Так произошло и в программе развала СССР. Важное место в перестройке сознания заняла сексуальная революция. Разрушая отрицательное отношение к демонстративной половой распущенности и проституции, ставшее в советском обществе важным нравственным стереотипом, пресса расшатывала «культурное ядро» общества. Поначалу эта пропаганда вызывала шок. Особенно необъяснимым и непонятным был неожиданный поворот молодежной прессы. В 1986-1987 гг. массовая газета «Московский комсомолец» вдруг начала печатать большую серию статей, пропагандирующих оральный секс. Это казалось абсурдом. Потом пошли «письма читателей» (вероятно, фальшивые), в которых девочки жаловались на своих мам, отнимавших и рвавших в клочки их любимую газету. К концу перестройки началась прямая пропаганда проституции.
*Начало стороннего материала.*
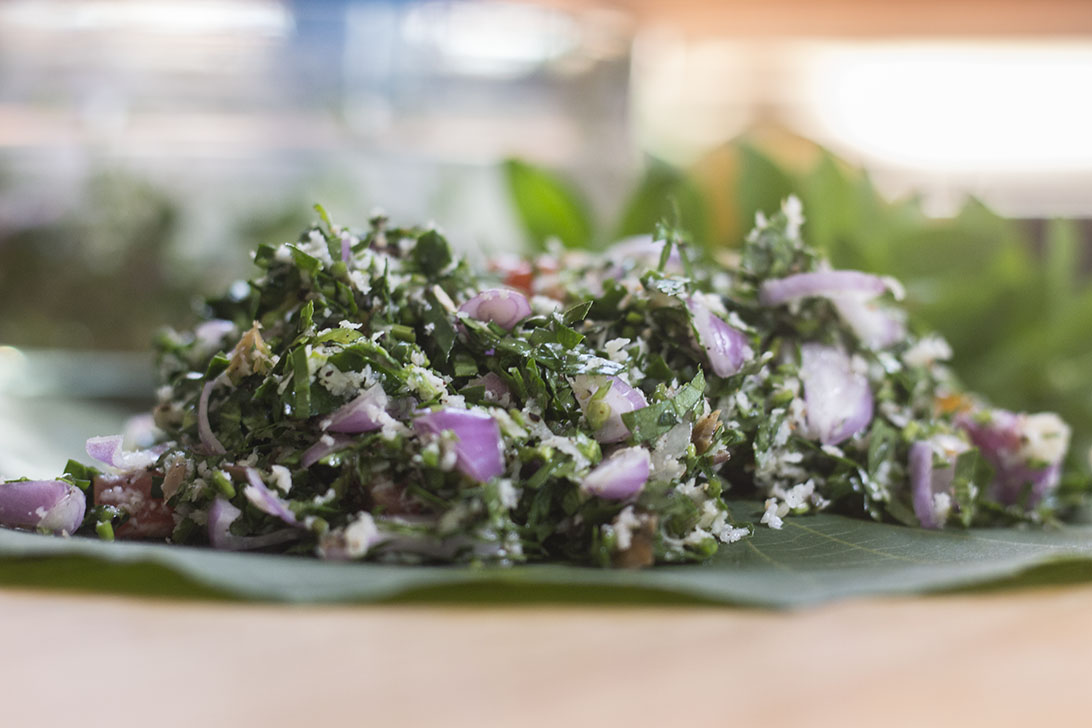 Side view of Mukunuwenna Salad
Идеологические работники не просто оправдывали ее как якобы неизбежное социальное зло, они представляли проституцию чуть ли не благородным делом, способом борьбы против социальной несправедливости. Актриса Е. Яковлева (исполнительница главной роли в фильме П. Тодоровского «Интердевочка») так объяснила, что такое проституция: «Это следствие неприятия того, что приходится исхитряться, чтобы прилично одеваться, вечно толкаться в очередях и еле дотягивать до получки или стипендии, жить в долгах… Проституция часто была для девочек формой протеста против демагогии и несправедливости, с которыми они сталкивались в жизни».

Проституция как форма протеста девочек против демагогии! Какое оправдание. Во время перестройки началось издание большого числа книг, возводящих половую распущенность в принцип, в признак элитарности.

Специалисты из Академии МВД пишут в 1992 г.: «Росту проституции, наряду с социально-экономическими, по нашему глубокому убеждению, способствовали и другие факторы, в частности, воздействие средств массовой информации. На начальном этапе содержание их материалов носило сенсационный характер. Отдельные авторы взахлеб, с определенной долей зависти и даже восхищения, взяв за объект своих сочинений наиболее элитарную часть — валютных проституток, живописали их доходы, наряды, косметику и парфюмерию, украшения и драгоценности, квартиры и автомобили и пр.. Массированный натиск подобной рекламы не мог остаться без последствий. Она непосредственным образом воздействовала на несовершеннолетних девочек и молодых женщин. Примечательны в этом отношении результаты опросов школьниц в Ленинграде и Риге в 1988 г., согласно которым профессия валютной проститутки попала в десятку наиболее престижных» [39].